## Directions for this task
Each record should be given again exactly as it appears, with no image included.

## Extracted entries

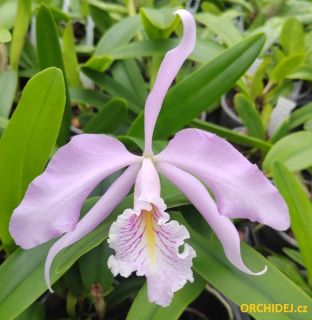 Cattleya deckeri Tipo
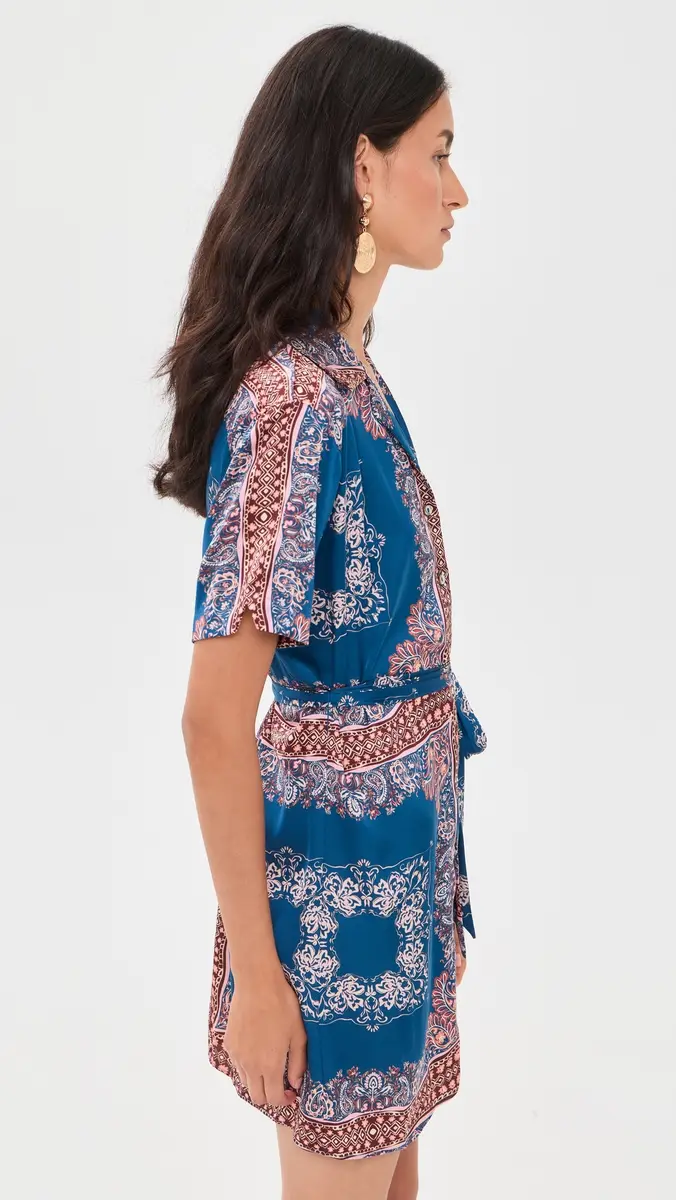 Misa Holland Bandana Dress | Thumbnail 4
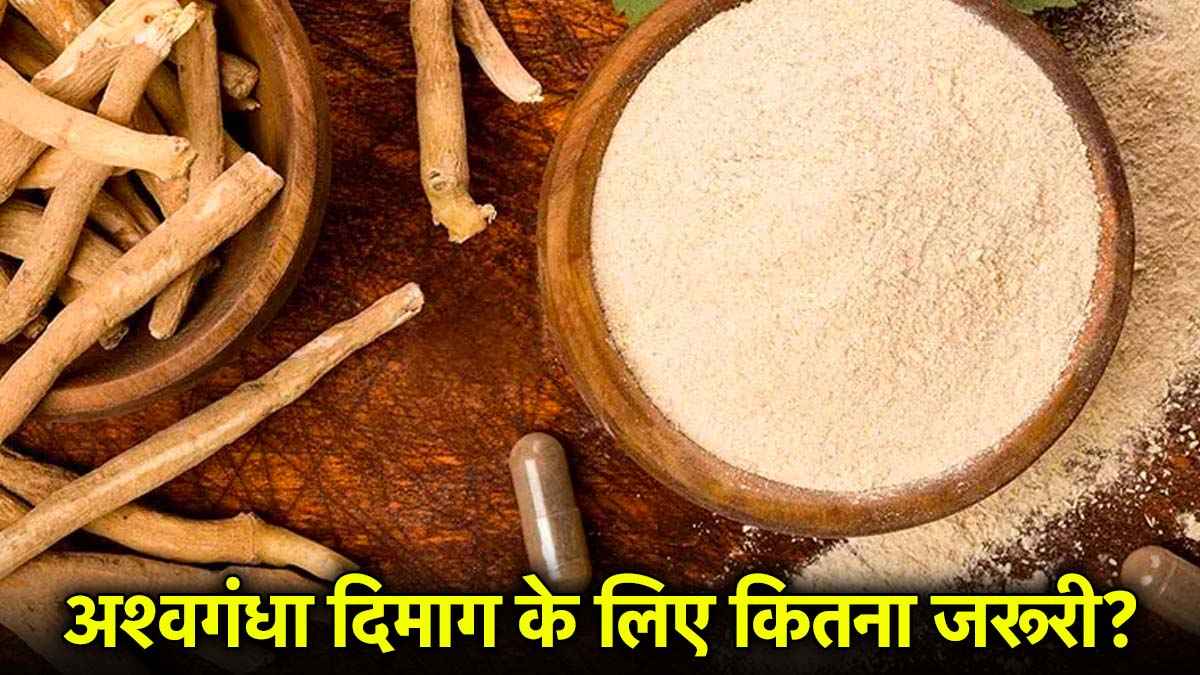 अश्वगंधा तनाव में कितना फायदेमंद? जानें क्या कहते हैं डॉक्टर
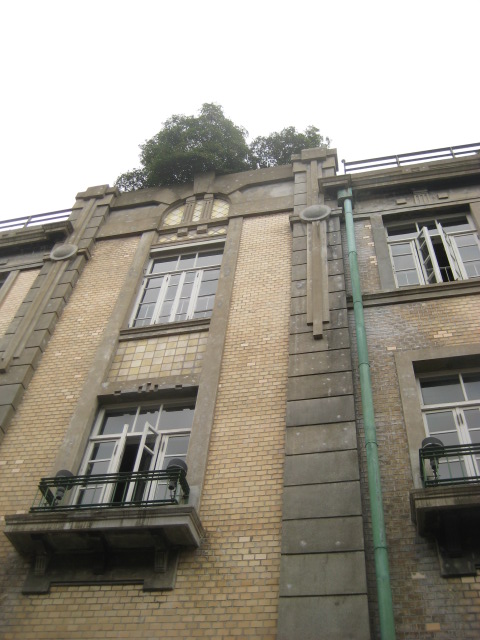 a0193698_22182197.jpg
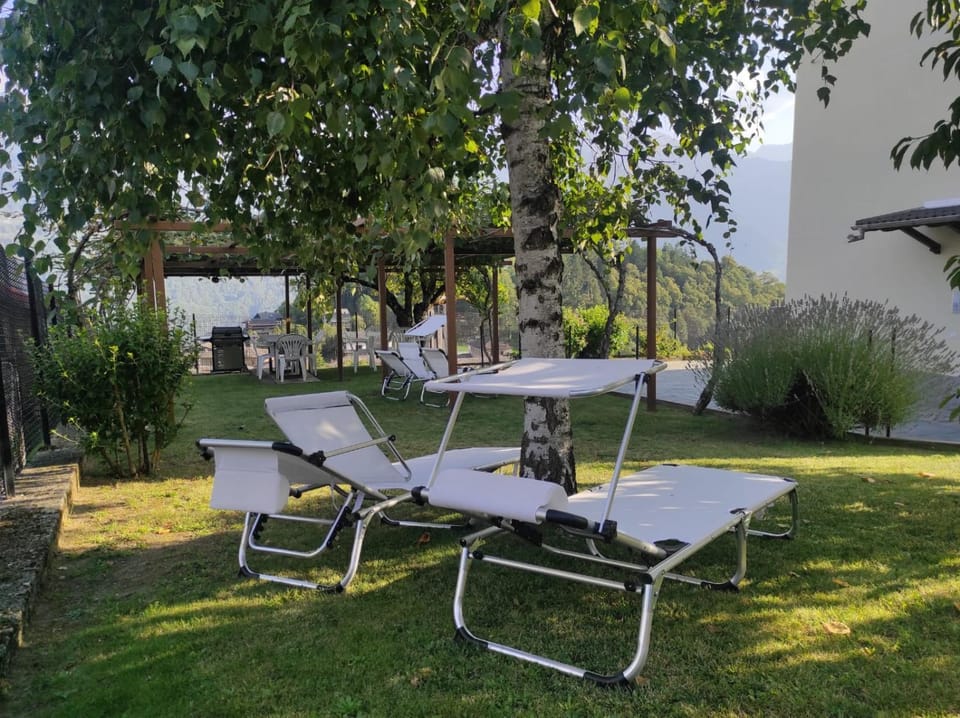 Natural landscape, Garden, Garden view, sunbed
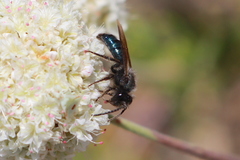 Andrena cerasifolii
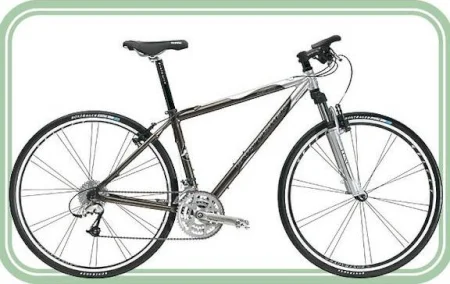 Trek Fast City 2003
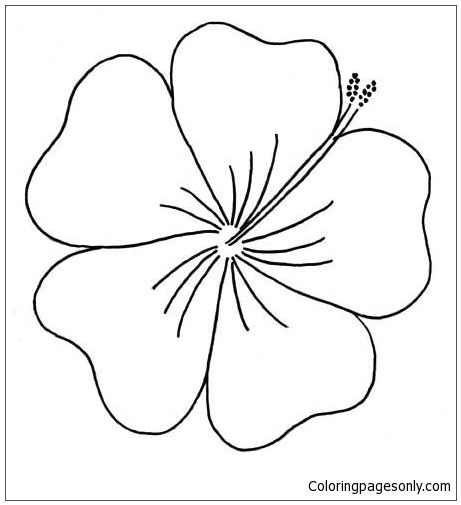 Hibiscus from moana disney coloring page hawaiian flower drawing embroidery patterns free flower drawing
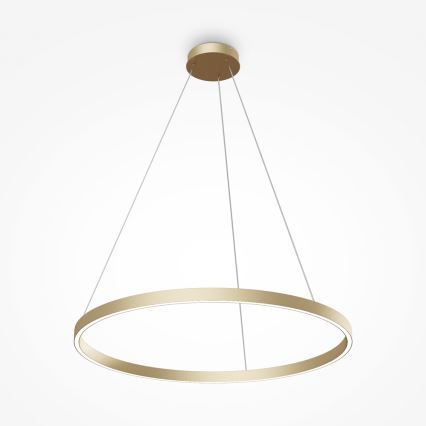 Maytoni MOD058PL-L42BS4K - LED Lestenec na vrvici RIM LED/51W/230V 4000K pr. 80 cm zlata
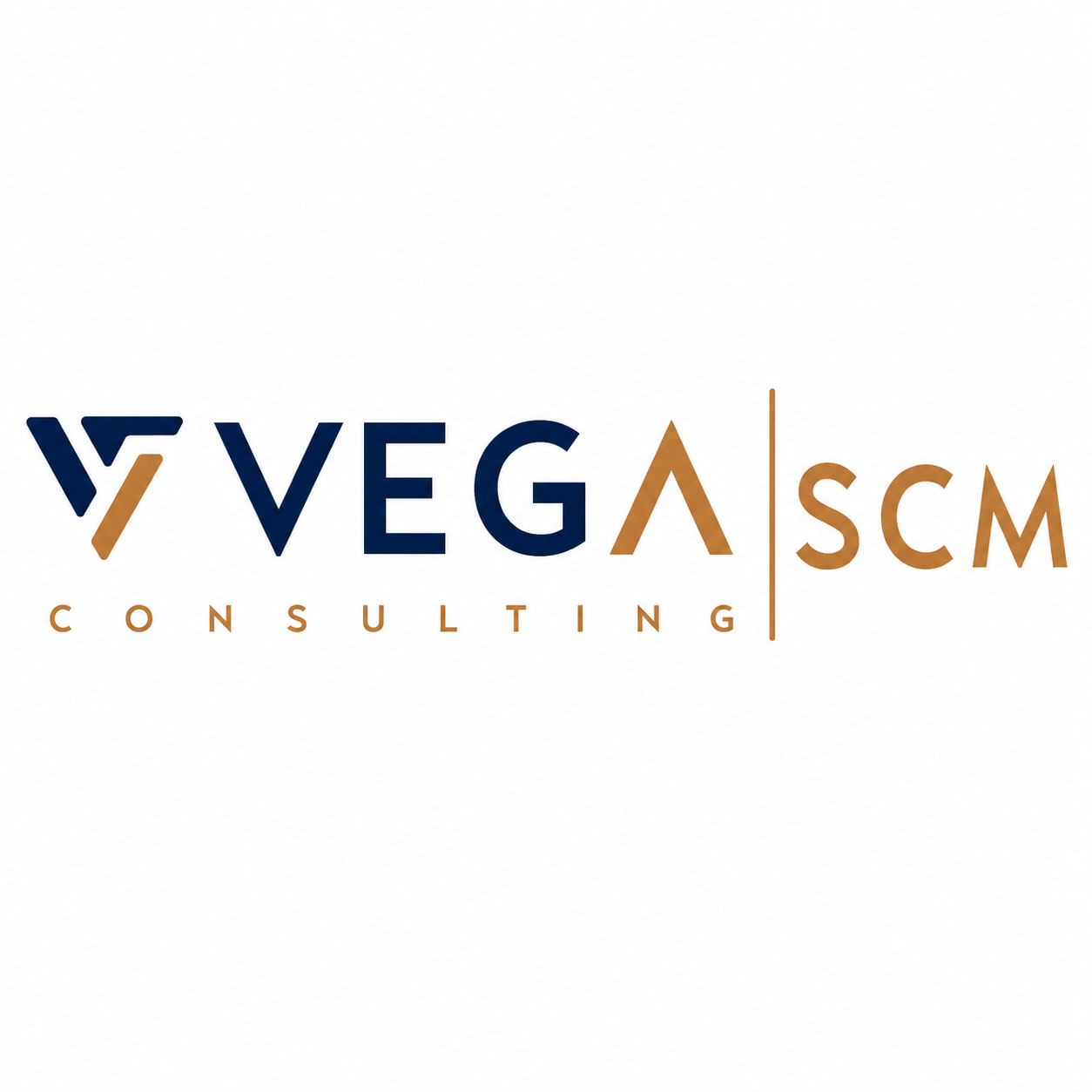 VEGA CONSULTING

## Expected answer
 Cattleya deckeri Tipo
 Misa Holland Bandana Dress | Thumbnail 4
 अश्वगंधा तनाव में कितना फायदेमंद? जानें क्या कहते हैं डॉक्टर
 a0193698_22182197.jpg
 Natural landscape, Garden, Garden view, sunbed
 Andrena cerasifolii
 Trek Fast City 2003
 Hibiscus from moana disney coloring page hawaiian flower drawing embroidery patterns free flower drawing
 Maytoni MOD058PL-L42BS4K - LED Lestenec na vrvici RIM LED/51W/230V 4000K pr. 80 cm zlata
 VEGA CONSULTING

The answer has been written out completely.